Maria Sledmere Discusses Rachael Allen's Kingdomland
Jacket2 shares Sledmere's review of Allen's volume, encompassing "poems congealed with the by-products of feminine selfhood and 'humankind' in the context of the Anthropocene: a period in which anthropos becomes a geologic agent, affecting the Earth’s systems by dint of industry, mass consumption, and fossil fuel extraction." More:
And yet, the planetary grandeur affected by many other poets of the Anthropocene is absent here: Allen, a Cornish-born poet, opts instead for the eerie locales of edgelands: anonymous zones of touch, encounter, austerity, and harm. In an age of digital mediation, Allen transplants our obsessive consumption of image to a weird, four-dimensional “meatspace,” where bodies undergo acts of force, erasure, and transformation. Her indigo is the sun-starved complexion of a girl on the brink of existential pause: translucent as she stands there, flickering between existence and myth. Her poems are slices of antinutrition,[3] swathed in rushes of sugar and set to form in an airless space that longs for the all-consuming sea. She leaves you with a bloodletting lurch that demands the filling of words, as though words themselves could heal our tender flesh, our hollows with salt.

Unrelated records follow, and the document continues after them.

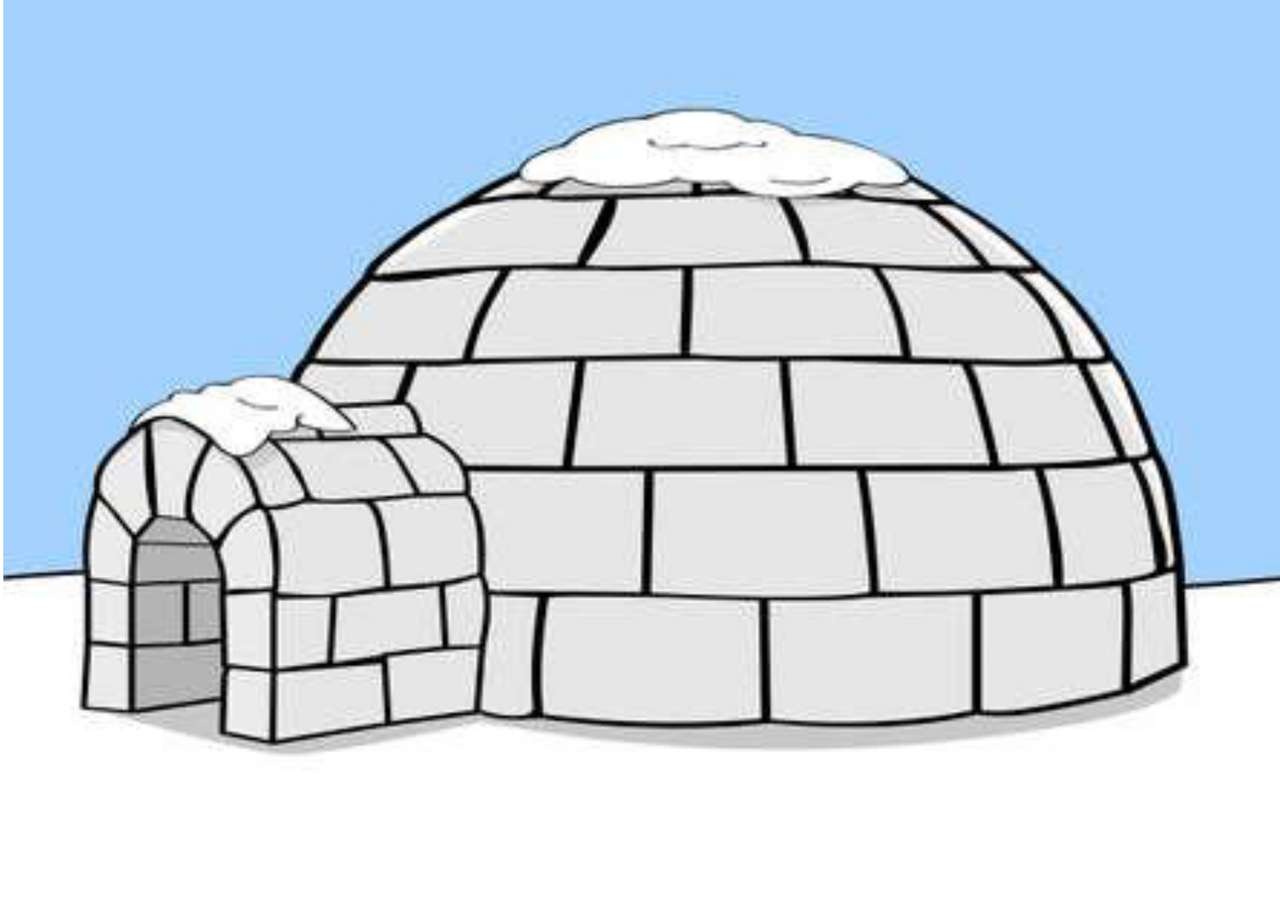 enigma dell'igloo puzzle online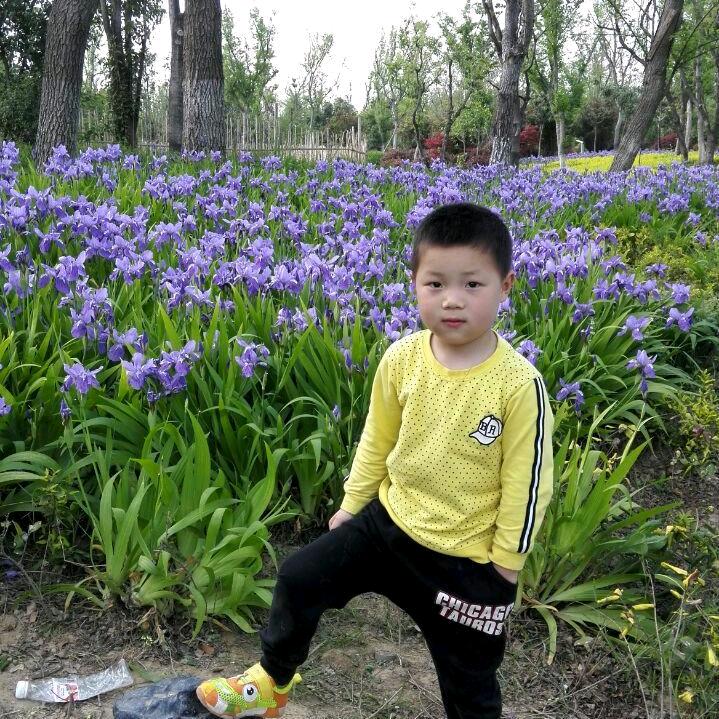 大胖，小胖，妈妈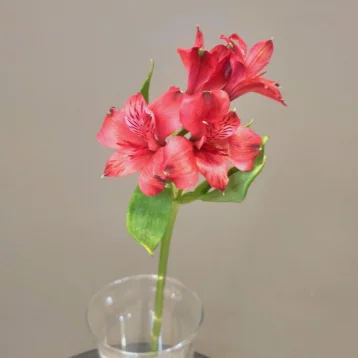 Альстромерия красная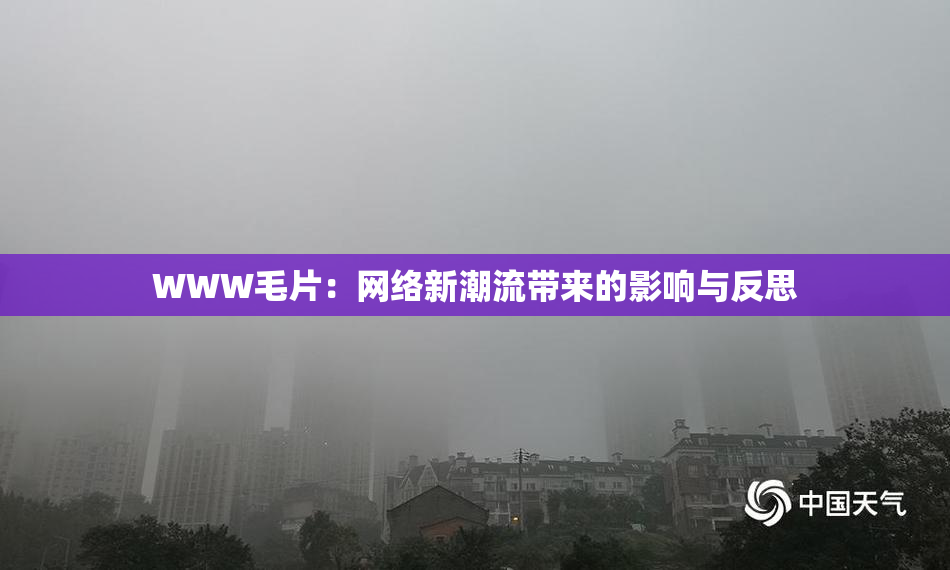 WWW毛片：网络新潮流带来的影响与反思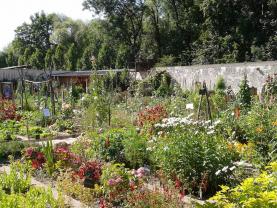 Location jardin potager
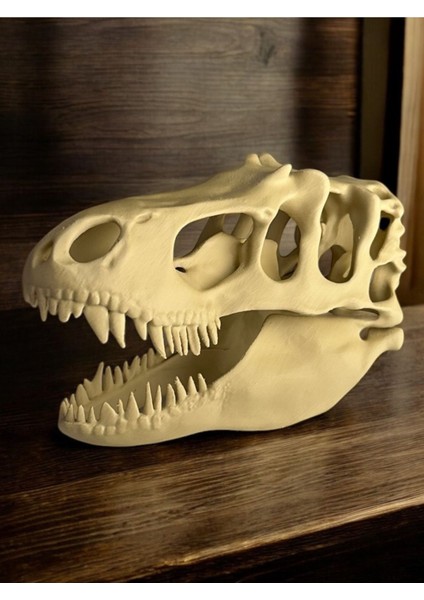 T-Rex Kafatası – Özel Tasarım Koleksiyon Figürü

Meatspace refers to the physical world, in opposition to a virtual environment, frequently associated with the cyberspace utopias of the 1990s. We should of course question the derogatory, implicitly gendered binary set up whereby one world is objectified as a primitive, fleshly mulch in contrast to the smooth, “logical” terrains of digital space. In Allen’s collection, meat and space are recurring themes in their own right. The collection is chock full of livestock and their culinary destinies as dairy, gelatin, or meat: alongside “Dad the Pig,” “Beef Cubes,” “Porcine Armour Thyroid,” and “Cravendale,” there are barbecues, cannibalistic seas, mammalian glands, and octopuses “swallowed in kitsch restaurants.”[4] To be held as flesh is to be silenced. Kingdomland, with its title of biting grandiosity, harks back to a kind of medieval grotesque that is firmly situated within the gendered ecologies of the present. It bears the labor of what it means to carve out a poem, a safe space, a cry of expression in the context of violence, decay, and shame. It is a title in excess of itself (surely a kingdom is already a land). It is, apparently, “an old name for Cornwall.” Its landscapes are strewn with situations held aslant, its cryptic narratives tightly held, on the edge of a cliff or a knife. It questions the boundaries that divide us.